I use it most flights in my glider, it does work. I use it mostly for planning whether AAT's are clear of high cloud, or have cumulus, and whether conditions are deteriorating towards home on long flights. I have reported a lot of bugs to LX and
collectively we found a lot of bugs and made it more reliable, but I do still see issues sometimes with it not loading for which the reasons are not clear to me.
I am consistently told almost everywhere I go fly around the world, that there is no cell reception in flight here due to phone tower angles or transmission powers or frequencies - but almost always when I actually mount my phone well above the canopy
rail and fly in that region, it works fine, well enough even to do occasional Facebook livestreams, even up to ~18kft.
As we already know from our FLARM antennas, our modern cockpits are extraordinarily effective faraday cages, but this seems to get forgotten in the context of mobile phones.
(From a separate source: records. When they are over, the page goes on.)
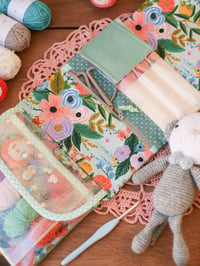 Image 3 of Pochette CROCHET MAEUM "FLEURS"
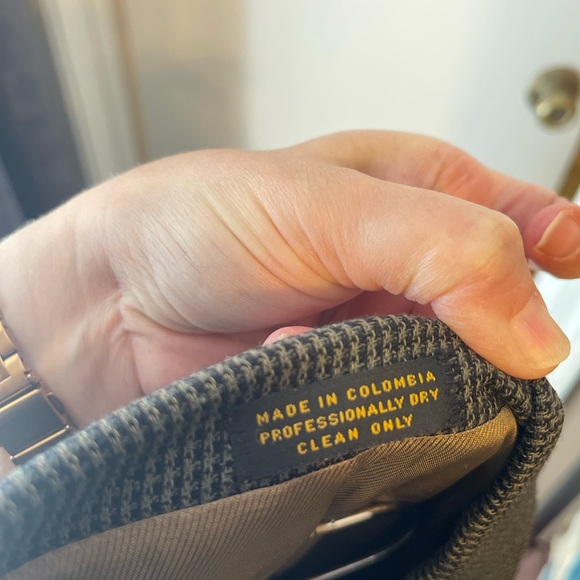 Oscar de la Renta Vintage 100% wool Black Houndstooth 40R Sport Jacket - Picture 6 of 6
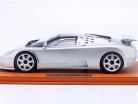 Bugatti EB110 SS 建造年份 1994 银 1:12 TopMarques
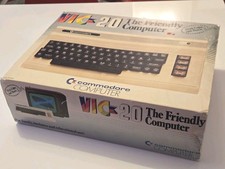 Vic 20 Pet Style Label Nero/Oro Commodore Primissima versione Box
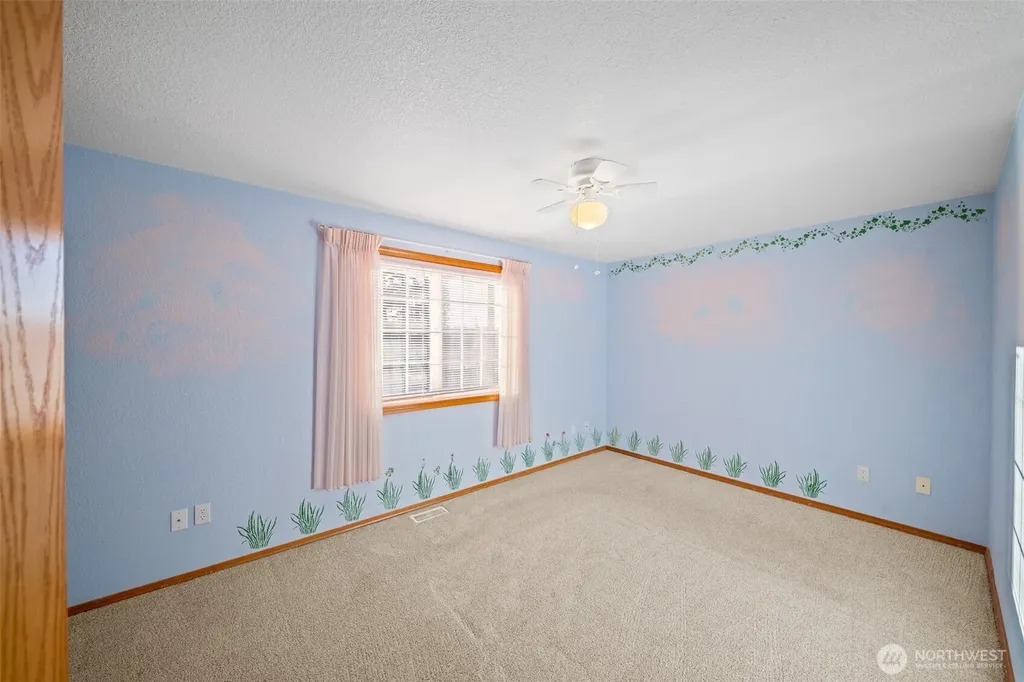 1911 E Island Lake Drive Shelton WA 98584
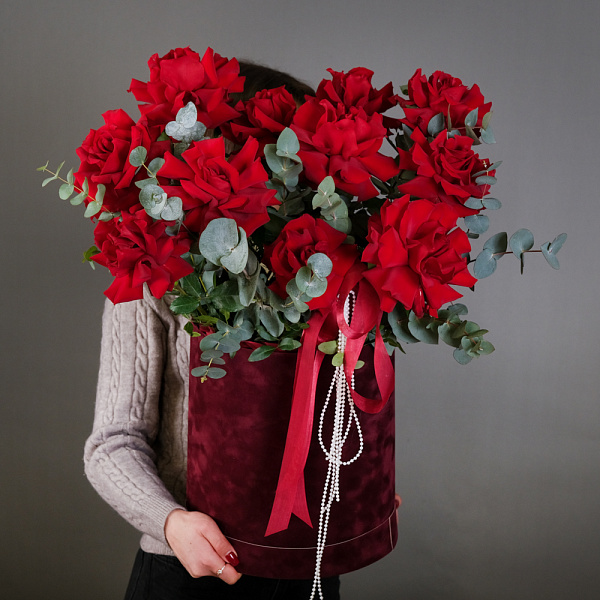 Купить Композиция в шляпной коробке «Роскошь» М в  с бесплатной доставкой: цена, фото, описание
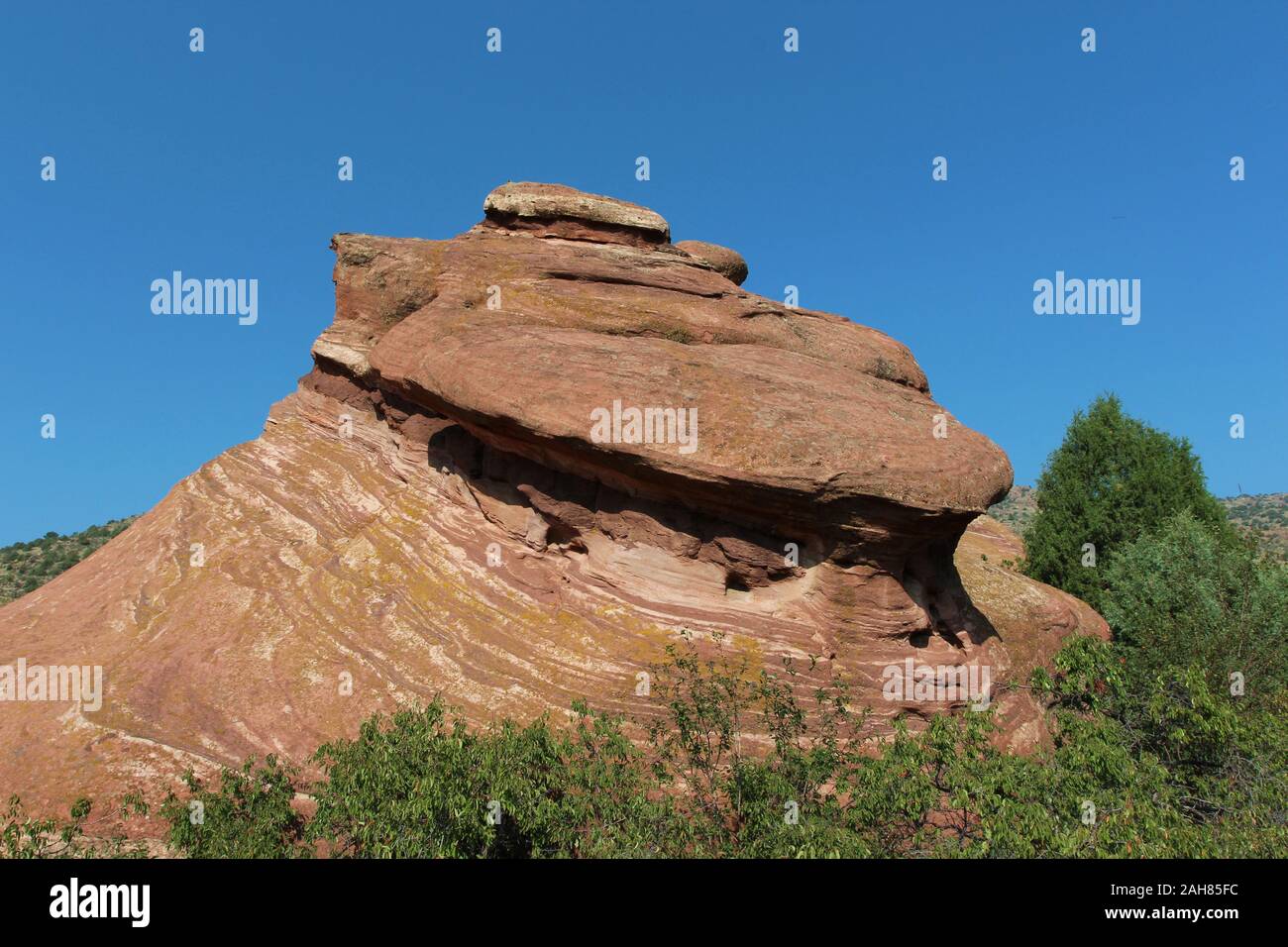 Une grande formation de grès rouge, circulaire sur le Trading Post Trail, Red Rocks Park, Colorado, USA Banque D'Images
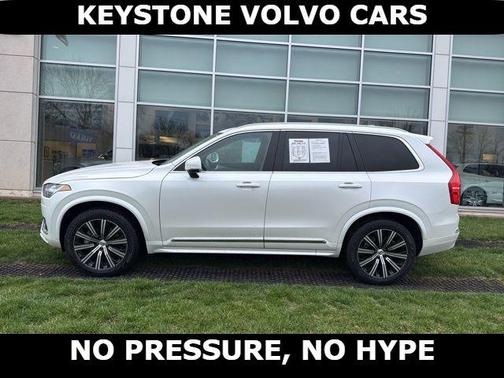 Crystal White 2025 Volvo XC90 B5 Core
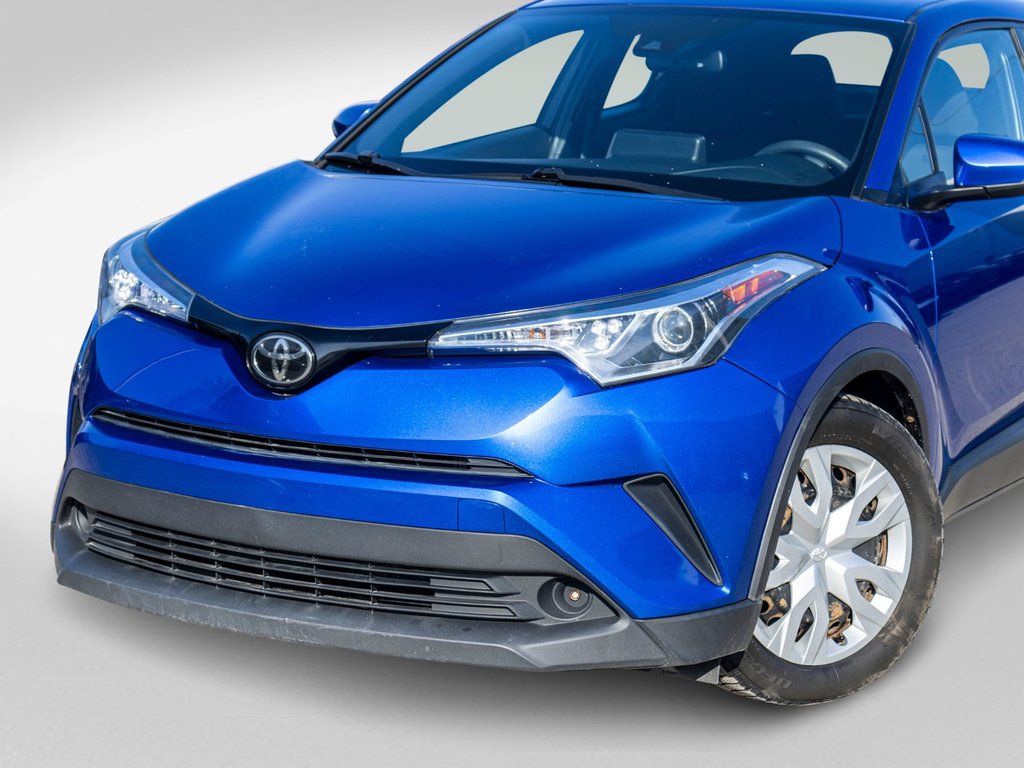 2019 Toyota C-HR LE **JAMAIS ACCIDENTÉ+CAMÉRA+CARPLAY** in Charlemagne, Quebec - 33 - w1024h768px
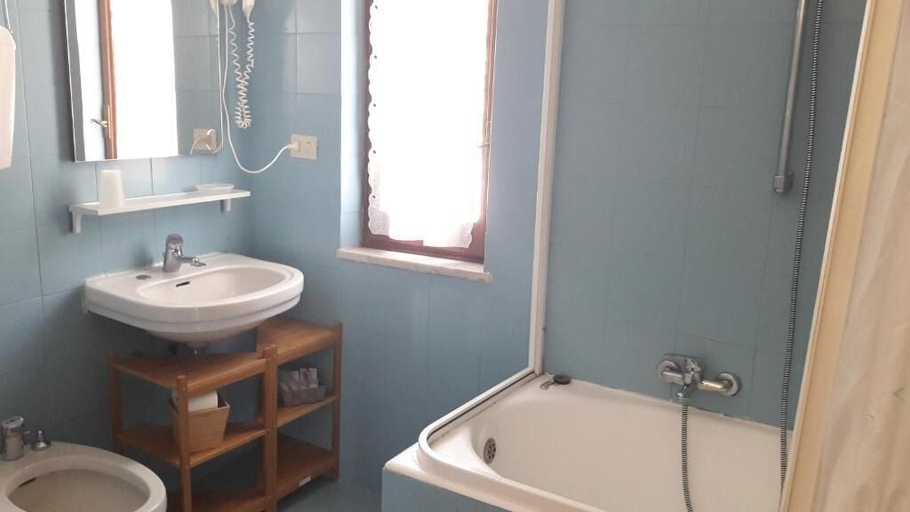 Bathroom 5, Hotel Residence Moneglia, Genova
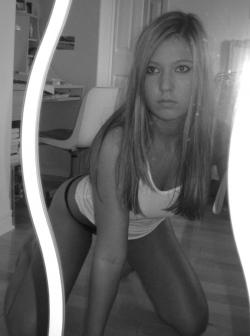 Sexy blonde teen selfshot  90/129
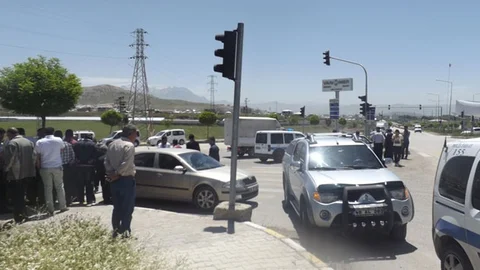 Van'da TIR Sürücüleri Zor Anlar Yaşadı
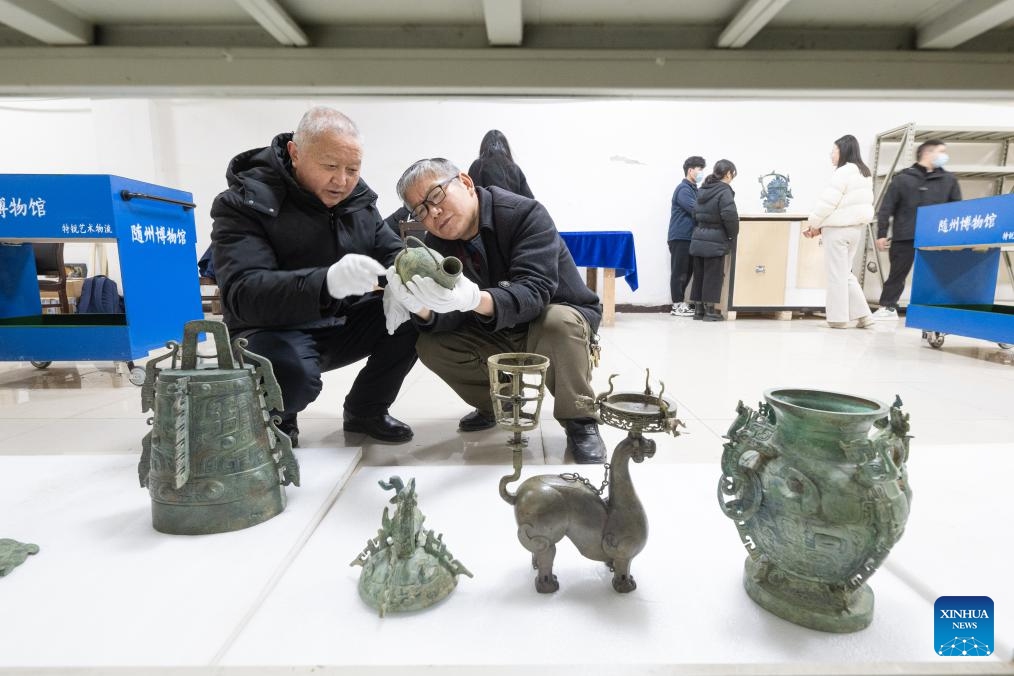 Staff members check artifacts at Suizhou Museum in the city of Suizhou, central China's Hubei Province, Feb. 27, 2024. An exhibition titled Phoenix Kingdoms: The Last Splendor of China's Bronze Age will be held from April to July at the Asian Art Museum in San Francisco. The exhibition will feature over 260 artifacts from five Chinese museums, showcasing the art of the ancient Chu and Zeng states.(Photo: Xinhua)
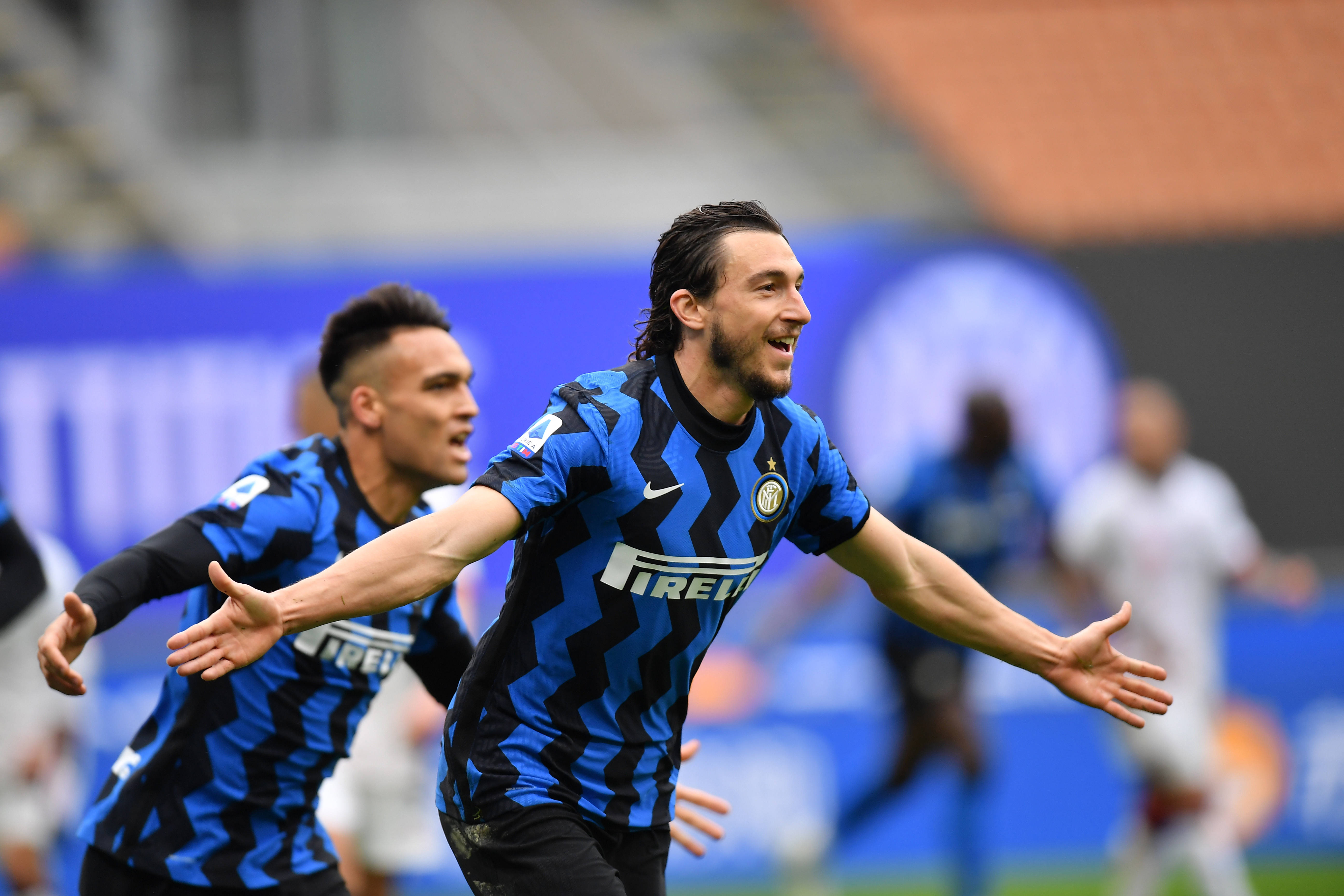 西媒：皇马已决定明年1月免签科纳特，并希望球员坚持不续约（西媒：皇马拟明年1月自由签下科纳特，盼其继续拒绝续约）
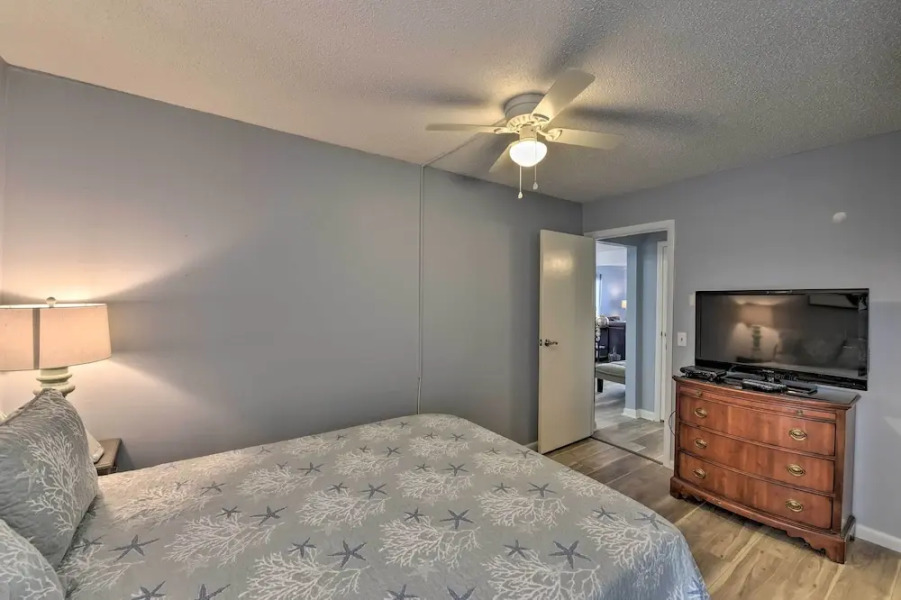 Relaxing Harbor Island Condo: Walk to the Beach!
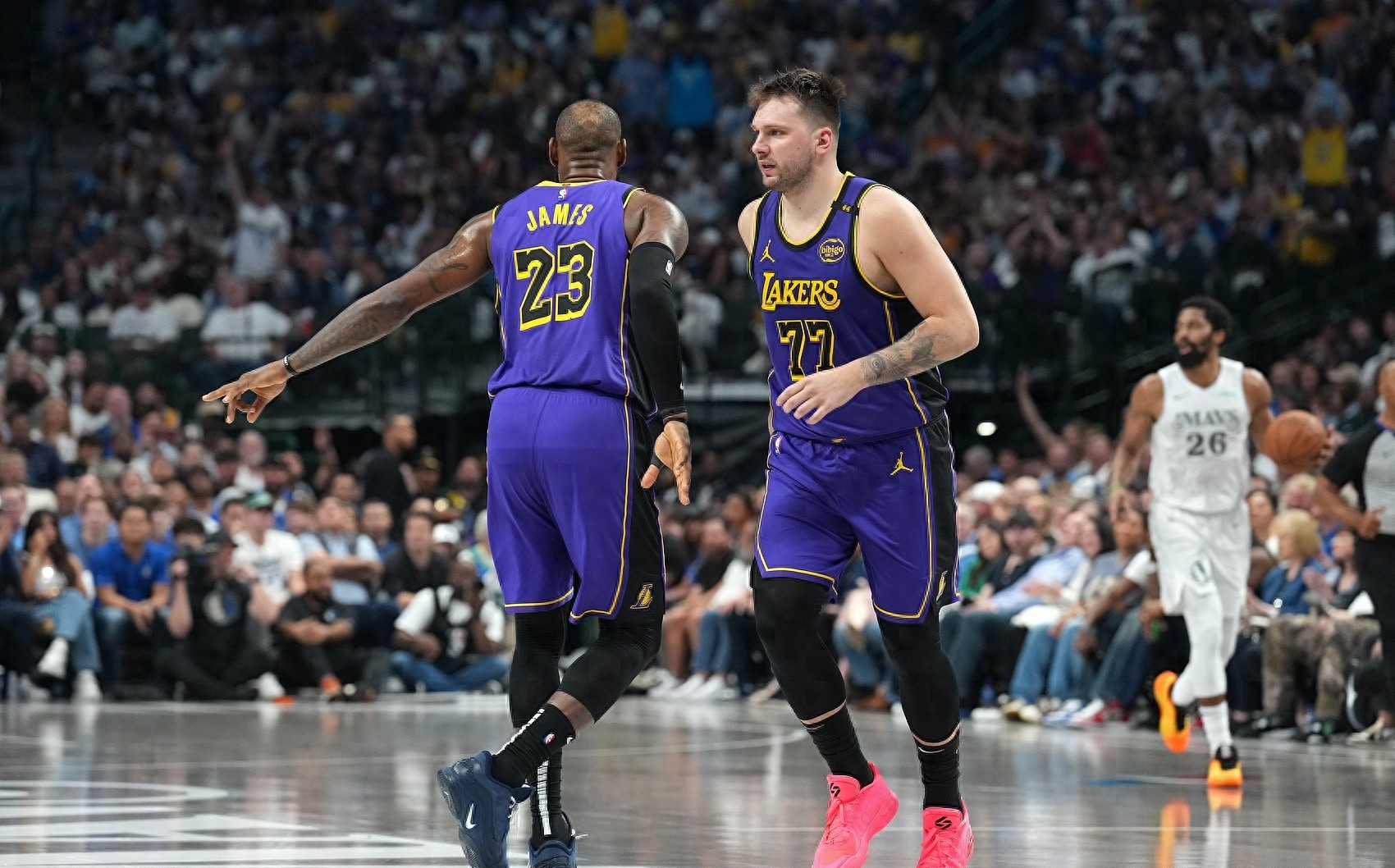 洛杉矶警方极力阻止抗议者前进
I had the idea to install a portable 4G router with a proper external antenna on my glider, but unfortunately the firmware seemed to be configured to switch towers less aggressively and the inflight results were far inferior to an ordinary mobile phone.
Maybe I was unlucky.
On Wednesday, 8 June 2022 at 11:22:03 am UTC+10, Ramy wrote:
Early in I tried to get a satellite picture on my LX9000 and was rarely successful. On the few occasions when I could see the satellite pic it was very hard to see the clouds. Perhaps I didn’t set things right. I guess part of the problem is that it
requires real time cellular connection which we rarely get. If there are any tips to get the satellite picture to show up reliably and clearly on LX9000 I would like to know.
Ramy
On Tuesday, June 7, 2022 at 4:14:00 AM UTC-7, Matthew Scutter wrote:
On Tuesday, 7 June 2022 at 4:37:28 am UTC+10, [email protected] wrote:
That is very cool to see the cloud cover during the day. Is SkySight maintaining a database of these images or do they get them from a public database? How long will they be stored?
Of course now we would love to see wind barbs superposed :)
At the moment we aim to keep them forever.
We generate them in-house from the raw data from NOAA, Japanese and European satellites, and are processing it very carefully to preserve the absolute maximum fidelity possible. If you find anywhere that has more detail from a real-time satellite, I
want to know about it :)
You get the same picture via SkySight on your LX devices.